There was little activity on the shopping, dining and entertainment strip, and some businesses remained closed by choice with sales on the street still slow. The leader of the Historic Park City Alliance, a group that represents businesses in the Main Street core, at about that time indicated there were approximately 10 businesses under threat of closing permanently based on the drop in sales on a year-over-year basis. Alison Kuhlow, the executive director of the organization, at the time called the future uncertain for the approximately 10 businesses, which represented a range of industries like restaurant and retail.
As Park City enters the fall shoulder season, a stretch when sales usually drop from the summer, Main Street is in a stronger position than it was entering the spring shoulder season, Kuhlow said in an interview. The summer was better than anticipated along Main Street, she said, explaining that there remains a danger to some businesses even as others appear to have shown resiliency during the warm-weather months.
The sales in the summer were crucial for the long-term viability of some of the businesses that had been seen as threatened earlier in the year. She said the numbers in July and August especially prepared them for the stretch between Labor Day and the scheduled start of the ski season, when business normally jumps.
“For some, I heard it’s been able to get them there, to feel comfortable making it to December,” Kuhlow said about sales in the summer, adding there is a desire for the ski season to be better than some project. “We’re all hopeful the winter season is going to surprise us.”
Kuhlow made the comments regarding the possibility of permanent closures on Main Street in June, at a point when the economic damage from the early end to the ski season was becoming clear. Unemployment numbers in the Park City area had soared, City Hall had released dire budgetary projections and it was unknown whether visitors would return so quickly.
In the three months since the June comments, Park City has enjoyed a striking comeback even amid the cancellations of a series of special events like the Park Silly Sunday Market, the Park City Kimball Arts Festival and the Tour of Utah bicycling race. City Hall, in a move designed to draw people to Main Street, launched weekly pedestrian days on the street in the summer and fall that have proven to be popular. The community has appeared especially busy on the weekends, with Main Street looking jammed on many evenings. The unemployment numbers dropped sharply even as they remain elevated, and the municipal financials likely have at least stabilized even though projections have been downgraded.
According to Kuhlow, though, the Main Street sales numbers remained depressed during the period between March and the end of July on a year-over-year basis. A survey that garnered 34 responses by Thursday from businesses in the Main Street core showed sales off by an average of 36% during the March-to-July period compared to the same period in the previous year.

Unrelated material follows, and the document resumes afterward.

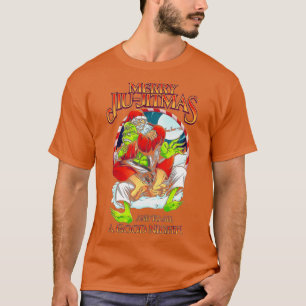Camiseta Christmas Jiu Jitsu Merry Jiu jitmas 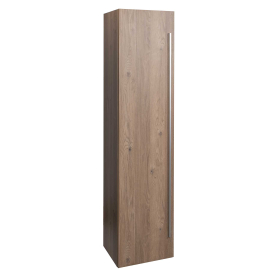 16" x 67" Wall Mounted Linen Cabinet,  Red Oak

The research shows numerous sectors suffered between March and the end of July. Certain categories, though, posted solid sales, she said, pointing to galleries and home furnishings. The strength in galleries and home furnishing stores closely tracked a real estate surge.
Kuhlow in June declined to identify the approximately 10 businesses that were under threat of permanent closure. She continued to guard the list this week but acknowledged the Main Street Deli was one of the businesses that had been under threat in late June. The deli has since permanently closed after what was initially planned to be a temporary shutdown in the spring amid the spread of the sickness.
She said this week there remains concern even after a solid summer. There are unidentified businesses that could still be forced to close in the coming months, she said.
“Definitely still threatened, for sure,” Kuhlow said, adding, “There’s no certainty for winter.”